> _ABOUT THIS EXERCISE_
Repeat verbatim the lines of the data below, beginning with the line containing "Wooden Clothes Hanger" and continuing to the end.
___ SOURCE RECORDS
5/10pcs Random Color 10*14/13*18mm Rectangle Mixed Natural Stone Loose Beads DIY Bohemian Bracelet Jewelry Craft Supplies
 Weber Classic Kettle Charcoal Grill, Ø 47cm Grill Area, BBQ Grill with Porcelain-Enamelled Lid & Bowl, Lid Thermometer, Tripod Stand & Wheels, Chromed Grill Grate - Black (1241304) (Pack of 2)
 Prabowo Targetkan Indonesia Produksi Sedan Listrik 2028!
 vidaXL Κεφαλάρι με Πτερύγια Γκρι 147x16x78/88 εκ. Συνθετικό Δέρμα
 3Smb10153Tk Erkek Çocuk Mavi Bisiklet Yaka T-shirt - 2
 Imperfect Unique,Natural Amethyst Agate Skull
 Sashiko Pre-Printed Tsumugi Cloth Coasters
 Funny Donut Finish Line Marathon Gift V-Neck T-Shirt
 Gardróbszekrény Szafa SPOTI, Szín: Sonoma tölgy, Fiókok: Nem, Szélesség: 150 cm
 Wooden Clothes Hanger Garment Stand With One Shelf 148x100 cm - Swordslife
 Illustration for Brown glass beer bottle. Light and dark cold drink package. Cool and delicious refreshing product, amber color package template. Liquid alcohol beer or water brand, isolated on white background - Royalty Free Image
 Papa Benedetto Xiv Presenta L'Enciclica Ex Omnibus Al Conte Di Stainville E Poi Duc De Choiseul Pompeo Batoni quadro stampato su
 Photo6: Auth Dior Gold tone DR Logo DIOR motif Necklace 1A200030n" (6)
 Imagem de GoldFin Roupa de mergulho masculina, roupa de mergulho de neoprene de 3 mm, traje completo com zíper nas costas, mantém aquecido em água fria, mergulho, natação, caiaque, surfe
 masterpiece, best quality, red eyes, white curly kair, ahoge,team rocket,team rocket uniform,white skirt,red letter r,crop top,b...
______
> _PROBLEM SOLUTION_
 Wooden Clothes Hanger Garment Stand With One Shelf 148x100 cm - Swordslife
 Illustration for Brown glass beer bottle. Light and dark cold drink package. Cool and delicious refreshing product, amber color package template. Liquid alcohol beer or water brand, isolated on white background - Royalty Free Image
 Papa Benedetto Xiv Presenta L'Enciclica Ex Omnibus Al Conte Di Stainville E Poi Duc De Choiseul Pompeo Batoni quadro stampato su
 Photo6: Auth Dior Gold tone DR Logo DIOR motif Necklace 1A200030n" (6)
 Imagem de GoldFin Roupa de mergulho masculina, roupa de mergulho de neoprene de 3 mm, traje completo com zíper nas costas, mantém aquecido em água fria, mergulho, natação, caiaque, surfe
 masterpiece, best quality, red eyes, white curly kair, ahoge,team rocket,team rocket uniform,white skirt,red letter r,crop top,b...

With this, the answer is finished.